Now $E(M)$ is a module itself, which is the injective envelope of $M$, that is there exists an injective homomorphism $f: M \to E(M)$ and $f(M)$ is essential in $E(M)$.
Let us consider that $M$ is not uniform. Then $$M \cap T = \{0\} $$ for all other submodules $T$ of $M$.
Then $M$ is a zero-module.
I can't proceed further. Please help me.
As you started, suppose $E(M)$ is indecomposable.
Let $N$ be a nonzero submodule of $M$. Then $E(N)$ is a submodule of $E(M)$.
Case 1) If $E(N)=E(M)$, that would imply $N$ is essential in $E(M)$, hence it is also essential in $M$.
Case 2) If $E(N)\neq E(M)$, then it is a direct summand (since it is an injective module.) But that would mean that $E(M)=E(N)\oplus K$ for a nonzero $K$, and that $E(M)$ is decomposable.
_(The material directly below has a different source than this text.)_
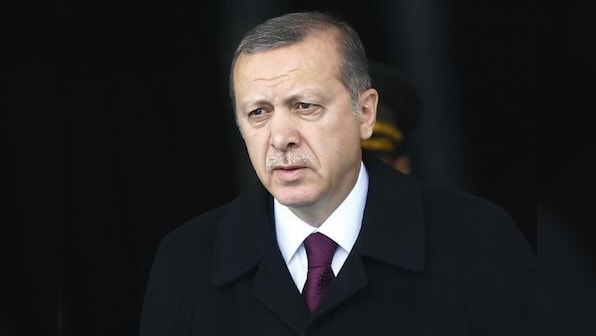 Turkey's Erdogan says can't tolerate Iran bidding to dominate Middle East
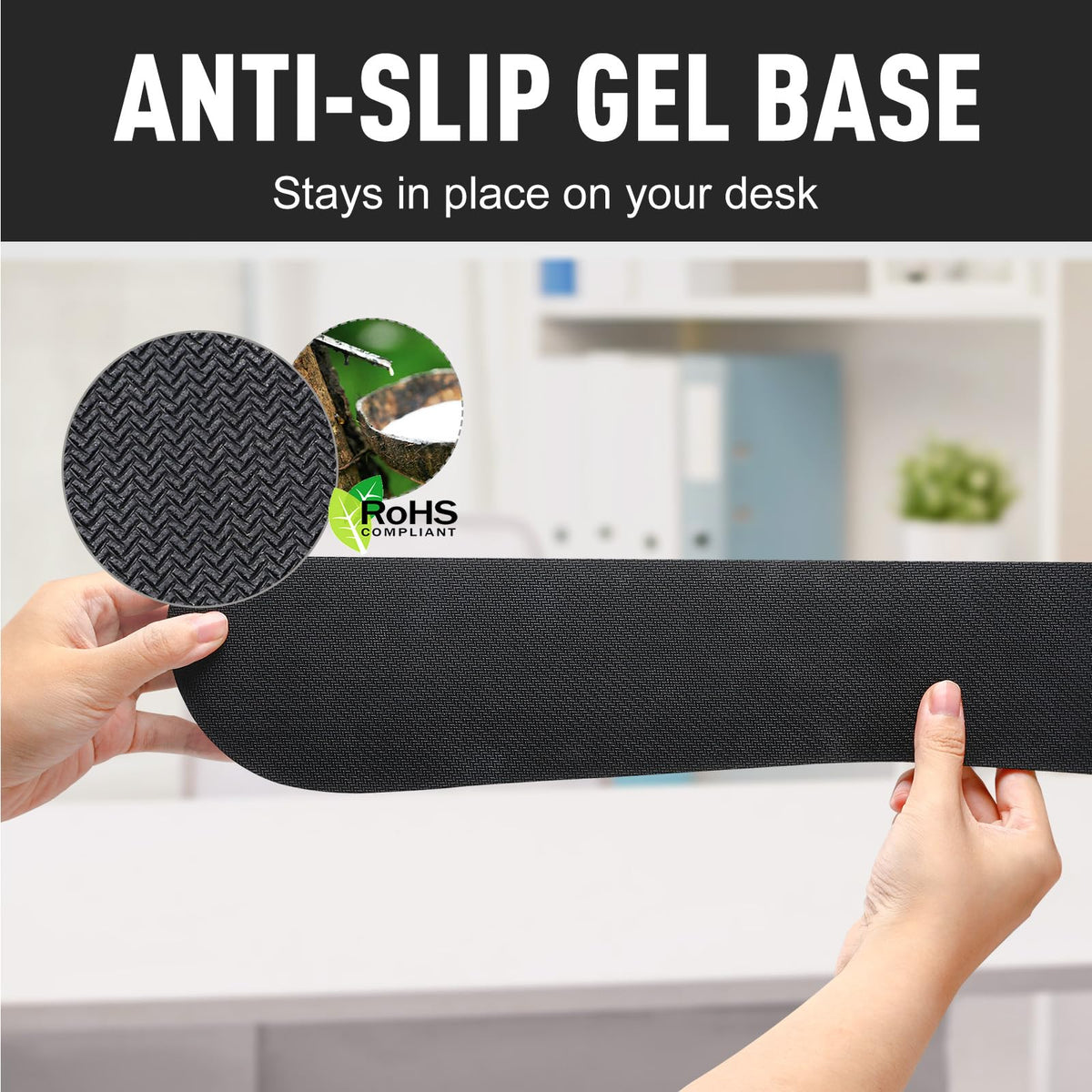 Gimars Memory Foam Wrist Rest for Computer Keyboard, Wrist Support for Office Gaming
This is not possible in light of our hypothesis.
Therefore for any nonzero submodule $N$ of $M$, only Case 1 happens.
The other direction is about as straightforward: assume $M$ is uniform. If $E(M)=A\oplus B$, then $M=(M\cap A)\oplus (M\cap B)$. By definition of uniformity, it is going to be impossible to have $M\cap A$ and $M\cap B$ nonzero. In the case $M\cap A=\{0\}$, you may deduce $A=\{0\}$ because $M$ is essential in $E(M)$. Similarly if $M\cap B=\{0\}$ you may deduce $B=\{0\}$. So there you have it, $E(M)=A\oplus B$ implies one of $A$ or $B$ is already trivial.